GOAL OF THE EXERCISE:
Return every entry exactly, except for any pictures.

EXCERPTED RECORDS:
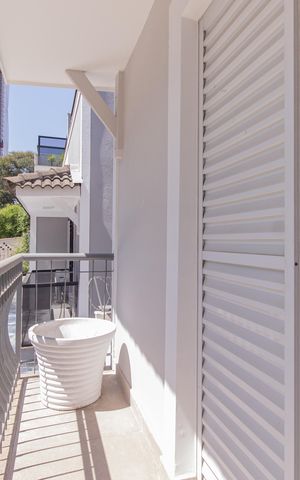 Casa à venda com 145m², 4 quartos e 2 vagasVaranda da Suíte 2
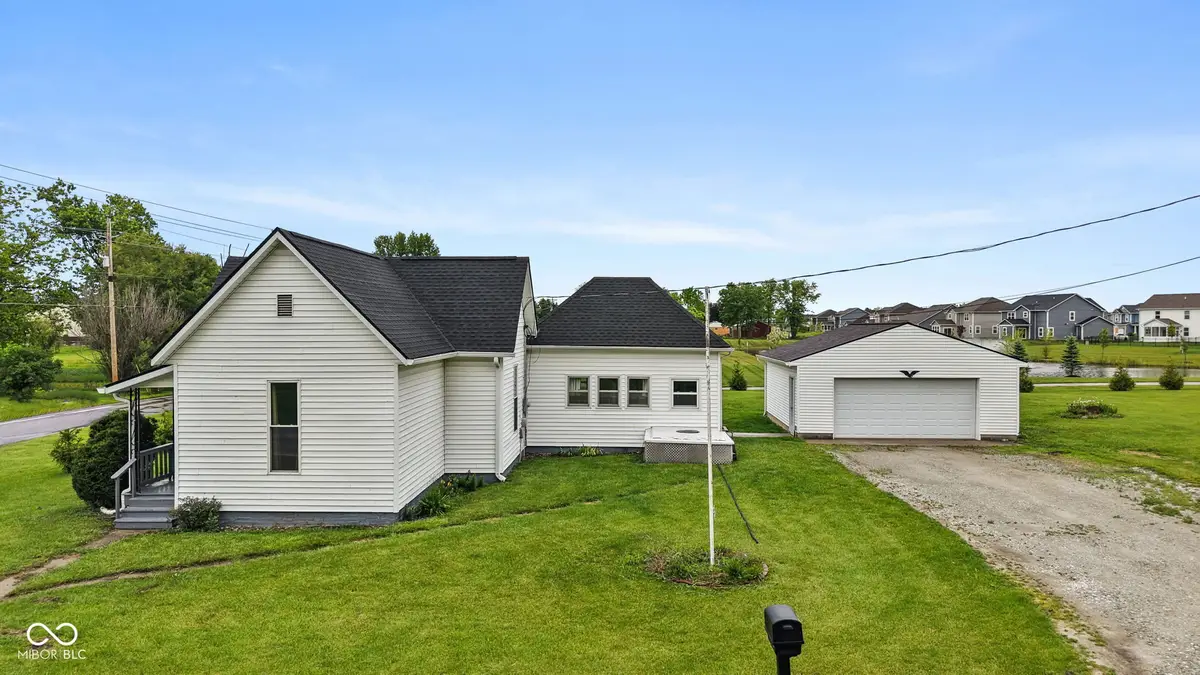 6992 W 650 N, McCordsville, IN 46055 - #1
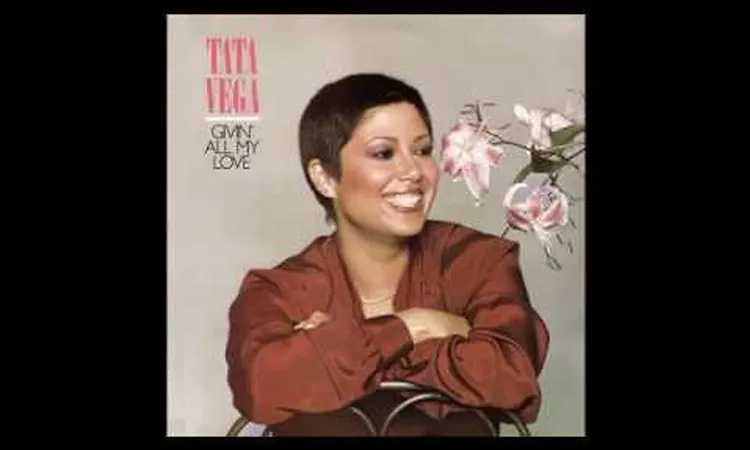 Tata Vega with G.C. Cameron - (I've Got My) Second Wind [Take It From The Top Edit]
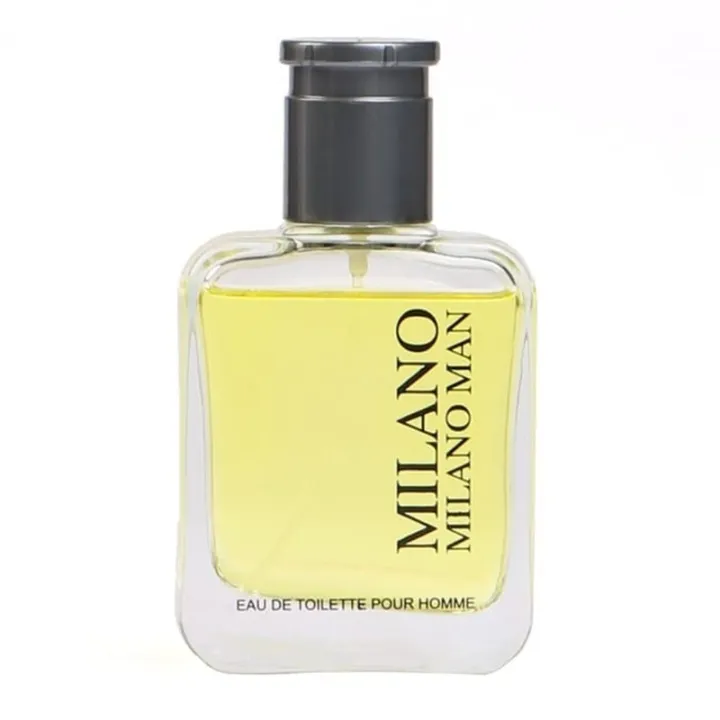 Alternativ bild 0 för Milano Man Edt 50ml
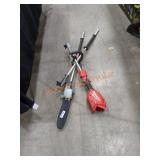 Milwaukee M18 Pole Saw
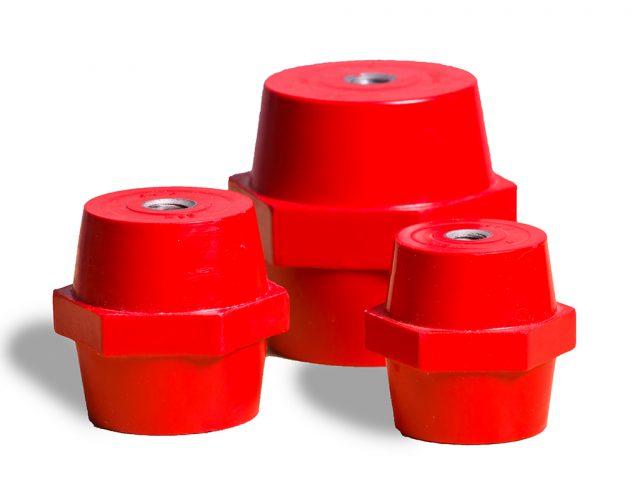 مقره تابلویی شش گوش آچار خور جبال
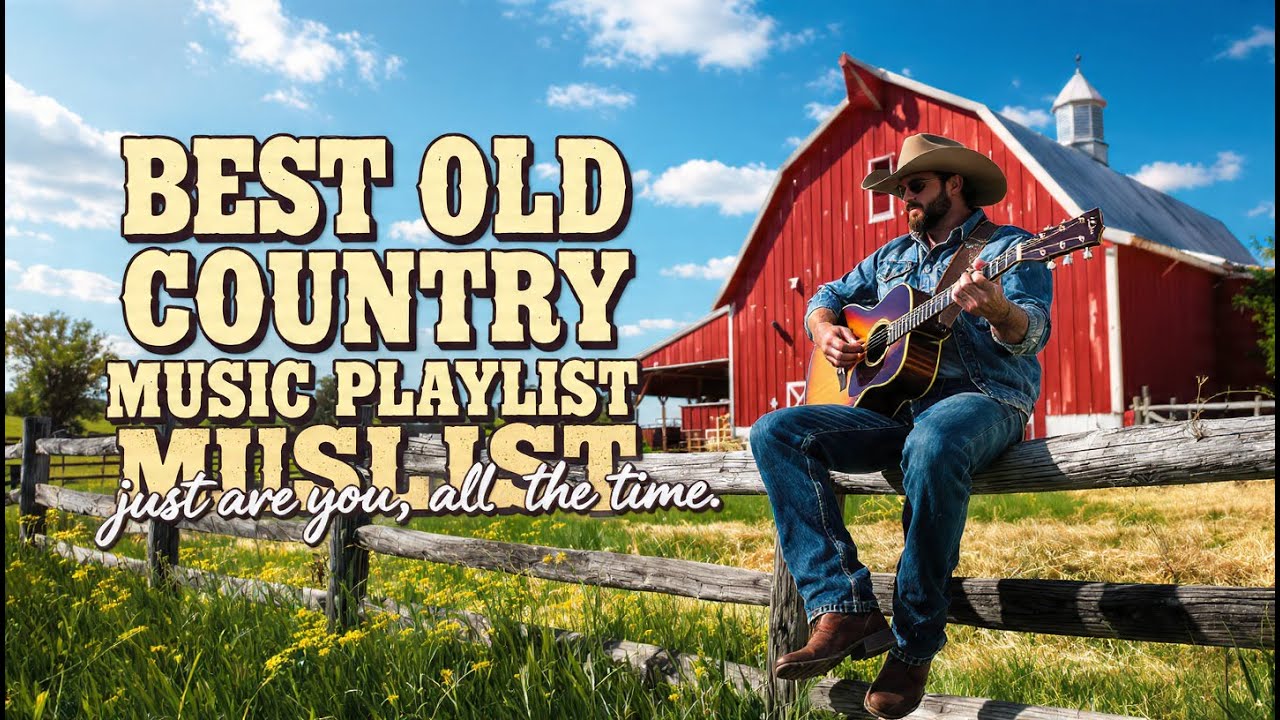 90s Country Music Mix for Cozy Nights: George Strait, Alan Jackson, Reba McEntire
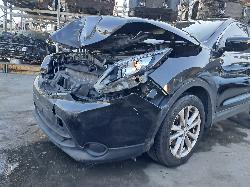 View Auto part Bootlid/Tailgate Nissan Qashqai 2014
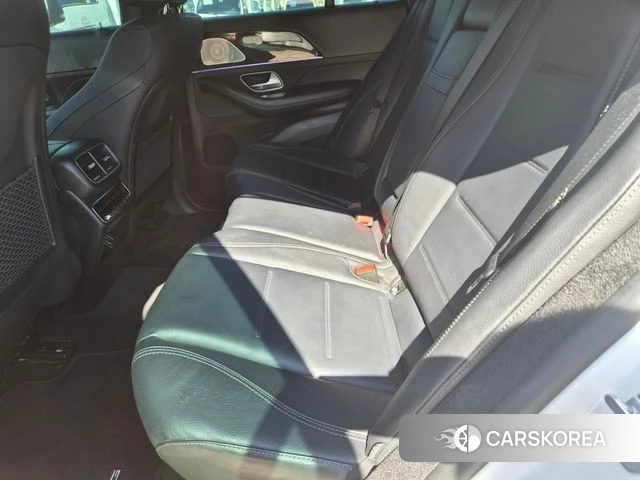 Mercedes-Benz GLE-Class W167 id 4987344 из Кореи 19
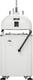 Trento - Vitella Three Phase Manual Bun / Dough Rounding Divider With 30 Division - 47583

WORKED SOLUTION:
 Casa à venda com 145m², 4 quartos e 2 vagasVaranda da Suíte 2
 6992 W 650 N, McCordsville, IN 46055 - #1
 Tata Vega with G.C. Cameron - (I've Got My) Second Wind [Take It From The Top Edit]
 Alternativ bild 0 för Milano Man Edt 50ml
 Milwaukee M18 Pole Saw
 مقره تابلویی شش گوش آچار خور جبال
 90s Country Music Mix for Cozy Nights: George Strait, Alan Jackson, Reba McEntire
 View Auto part Bootlid/Tailgate Nissan Qashqai 2014
 Mercedes-Benz GLE-Class W167 id 4987344 из Кореи 19
 Trento - Vitella Three Phase Manual Bun / Dough Rounding Divider With 30 Division - 47583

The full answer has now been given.